Azaan Akbar, DO1, Azadeh Brumand, DO2, Brian Carlson, MD3, Vishvinder Sharma, MD2, Phillip Oberg, DO2; 1Valley Hospital Medical Center GME, Las Vegas, NV; 2Valley Hospital Medical Center, Las Vegas, NV; 3Valley Hospital, Las Vegas, NV
Introduction: Barrett’s Esophagus (BE) is a condition of metaplastic columnar epithelium that has replaced normal stratified squamous epithelium of the distal esophagus. Typically, a consequence of chronic acid reflux, BE is a major risk factor for esophageal adenocarcinoma (EAC). The preferred treatment for BE with high-grade dysplasia (HGD) is endoscopic radiofrequency ablation (RFA). Eradication of BE with HGD is often confirmed by biopsy or wide-area transepithelial sample (WATS). This case describes a patient with refractory BE with HGD after several treatments with RFA. Although biopsies remained negative for dysplasia, evaluation with WATS confirmed HGD.
Methods: A 71 yo female with longstanding BE, hiatal hernia and controlled GERD underwent surveillance EGD revealing long-segment BE Prague classification C5M7. Biopsies confirmed HGD. She underwent RFA on 3 occasions due to residual long-segment BE. Although follow-up EGD demonstrated persistent long-segment BE, repeat 4-quadrant biopsies every 1 cm from the Z line were negative for dysplasia. Subsequent evaluation with WATS, however, confirmed the presence of HGD. EUS was negative for submucosal invasion and the patient was referred to a cardiothoracic surgeon for further management. Discussion: The risk of developing EAC from Barrett’s ranges from 0.1 to 3.0 percent per year. Treatment of precancerous lesions including low-grade dysplasia, HGD, or intramucosal carcinoma can be done endoscopically. After treating acid reflux with PPI therapy, eradication of dysplasia with RFA is the preferred modality over cryotherapy, photodynamic therapy and endoscopic mucosal resection. In several studies, RFA is estimated to have a 90% success rate in eradicating dysplasia at 5 years. Factors such as long-segment BE and uncontrolled reflux esophagitis may contribute to poor response to RFA. Currently, biopsies taken by the Seattle protocol are the standard to confirm the presence of dysplasia/metaplasia. Despite requiring confirmation by a second pathologist, this method is subject to sampling error, as it is estimated to cover only 4 to 6% of the affected area. As is evident in our case, WATS may offer additional diagnostic value as an adjunctive tool, particularly for patients with factors known to predict poor response to RFA. Currently, data supporting use of WATS has been limited to investigational studies. Additional research is needed to explore the effectiveness of the routine use of WATS in a community hospital setting.

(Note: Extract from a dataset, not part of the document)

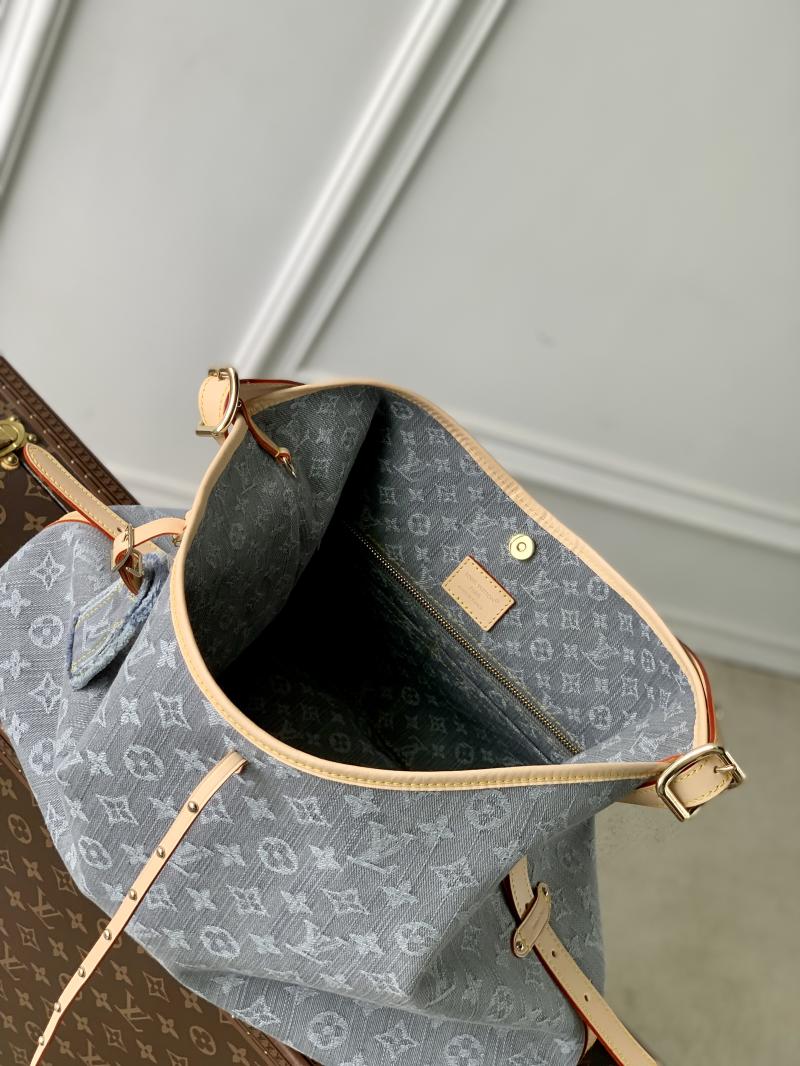 Louis Vuitton CarryAll MM M13289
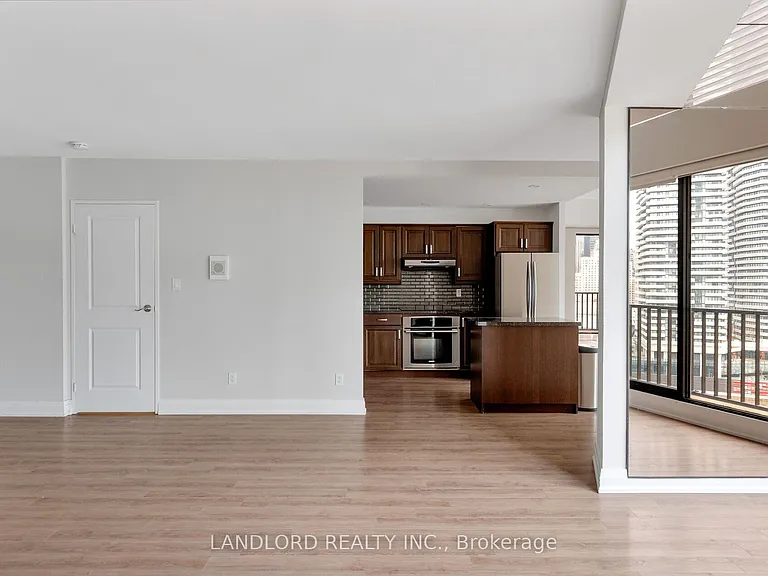 33 Harbour Sq #2208 — Photo 6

Post-RFA Upper Endoscopy: Middle Third of Esophagus
Post-RFA Upper Endoscopy: Lower Third of Esophagus
Disclosures: Azaan Akbar indicated no relevant financial relationships. Azadeh Brumand indicated no relevant financial relationships. Brian Carlson indicated no relevant financial relationships. Vishvinder Sharma indicated no relevant financial relationships. Phillip Oberg indicated no relevant financial relationships.